Another analysis approach is to use a tissue class segmentation routine to define a boundary between tissue classes, essentially drawing a line between, say, gray matter and white matter. This enables the construction of cortical surface models and analysis of surface-based cortical thickness ([Dale1999], [Fischl1999a], [Fischl1999b]). Because they produce explicit models of macroanatomical landmarks, surface-based analyses may result in more accurate registration across subjects, assuming the surface models are accurate. Subcortical structures are generally not included in surface models, although they can be analyzed separately. FreeSurfer performs surface-based cortical thickness analyses.

Finally, it is also possible to generate a voxel-based cortical thickness measure ([Hutton2008], [Das2009]), which may be thought of as a hybrid of the above two approaches. These approaches generally rely on a traditional volume-based alignment across subjects, but provide thickness (rather than volume) values for each voxel.

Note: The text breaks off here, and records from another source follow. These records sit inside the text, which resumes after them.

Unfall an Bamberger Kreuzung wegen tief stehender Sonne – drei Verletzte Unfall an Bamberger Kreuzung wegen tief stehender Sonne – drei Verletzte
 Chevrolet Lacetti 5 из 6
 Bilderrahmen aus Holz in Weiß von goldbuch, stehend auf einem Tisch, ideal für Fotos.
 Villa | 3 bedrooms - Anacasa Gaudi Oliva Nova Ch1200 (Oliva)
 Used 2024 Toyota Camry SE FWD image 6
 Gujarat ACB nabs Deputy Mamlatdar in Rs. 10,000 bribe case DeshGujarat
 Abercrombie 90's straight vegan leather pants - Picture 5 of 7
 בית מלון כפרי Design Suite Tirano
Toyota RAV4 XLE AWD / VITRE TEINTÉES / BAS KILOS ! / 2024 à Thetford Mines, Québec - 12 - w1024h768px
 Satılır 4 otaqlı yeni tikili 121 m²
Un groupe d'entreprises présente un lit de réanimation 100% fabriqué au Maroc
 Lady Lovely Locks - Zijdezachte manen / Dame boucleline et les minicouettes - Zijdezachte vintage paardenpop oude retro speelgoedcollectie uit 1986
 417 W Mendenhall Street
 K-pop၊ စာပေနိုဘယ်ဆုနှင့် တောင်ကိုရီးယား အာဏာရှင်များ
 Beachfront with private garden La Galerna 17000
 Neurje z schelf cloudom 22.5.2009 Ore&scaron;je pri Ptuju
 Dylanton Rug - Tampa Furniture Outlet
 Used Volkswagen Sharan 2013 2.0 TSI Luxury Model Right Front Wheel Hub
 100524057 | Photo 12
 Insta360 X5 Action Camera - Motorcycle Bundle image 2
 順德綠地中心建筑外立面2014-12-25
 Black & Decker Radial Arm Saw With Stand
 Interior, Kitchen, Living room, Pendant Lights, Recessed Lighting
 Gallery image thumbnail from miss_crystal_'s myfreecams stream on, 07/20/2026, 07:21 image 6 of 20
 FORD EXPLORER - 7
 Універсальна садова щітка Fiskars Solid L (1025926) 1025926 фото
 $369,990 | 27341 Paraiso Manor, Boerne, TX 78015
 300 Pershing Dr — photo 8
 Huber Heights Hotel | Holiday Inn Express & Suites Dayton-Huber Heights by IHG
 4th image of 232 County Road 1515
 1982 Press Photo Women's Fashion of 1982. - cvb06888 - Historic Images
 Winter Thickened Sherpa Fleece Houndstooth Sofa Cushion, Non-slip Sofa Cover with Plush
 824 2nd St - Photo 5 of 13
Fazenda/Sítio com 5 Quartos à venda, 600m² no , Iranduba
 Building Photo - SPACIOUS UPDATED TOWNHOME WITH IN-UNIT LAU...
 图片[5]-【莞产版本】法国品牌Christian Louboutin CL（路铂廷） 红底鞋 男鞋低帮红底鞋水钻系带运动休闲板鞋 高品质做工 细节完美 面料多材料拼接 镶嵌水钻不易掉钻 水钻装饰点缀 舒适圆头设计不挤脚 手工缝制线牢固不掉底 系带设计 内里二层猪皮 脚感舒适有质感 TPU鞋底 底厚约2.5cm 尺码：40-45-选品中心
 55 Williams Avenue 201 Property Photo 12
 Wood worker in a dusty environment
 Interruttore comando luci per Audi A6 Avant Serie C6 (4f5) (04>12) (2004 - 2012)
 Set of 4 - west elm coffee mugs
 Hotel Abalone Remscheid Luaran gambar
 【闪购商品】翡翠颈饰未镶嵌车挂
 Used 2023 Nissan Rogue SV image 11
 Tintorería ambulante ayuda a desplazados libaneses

These approaches rely on different assumptions regarding neuroanatomy and image registration, and may be more sensitive to different sorts of changes in brain anatomy.

Basic steps in a VBM analysis

  1. Perform an initial check of the data to look for visual artifacts or outliers (see Structural MRI quality assessment).
  2. Reorient the structural image to be in generally close alignment with template space (origin aligned and oriented similarly).
  3. Segment the image into different tissue classes (e.g., gray matter, white matter, CSF).
  4. Inspect the segmented images for errors.
  5. Warp the different tissue class images into a common space (i.e., registration or spatial normalization).
  6. Smooth the images.
  7. Perform statistical analyses on the smoothed, normalized gray matter images.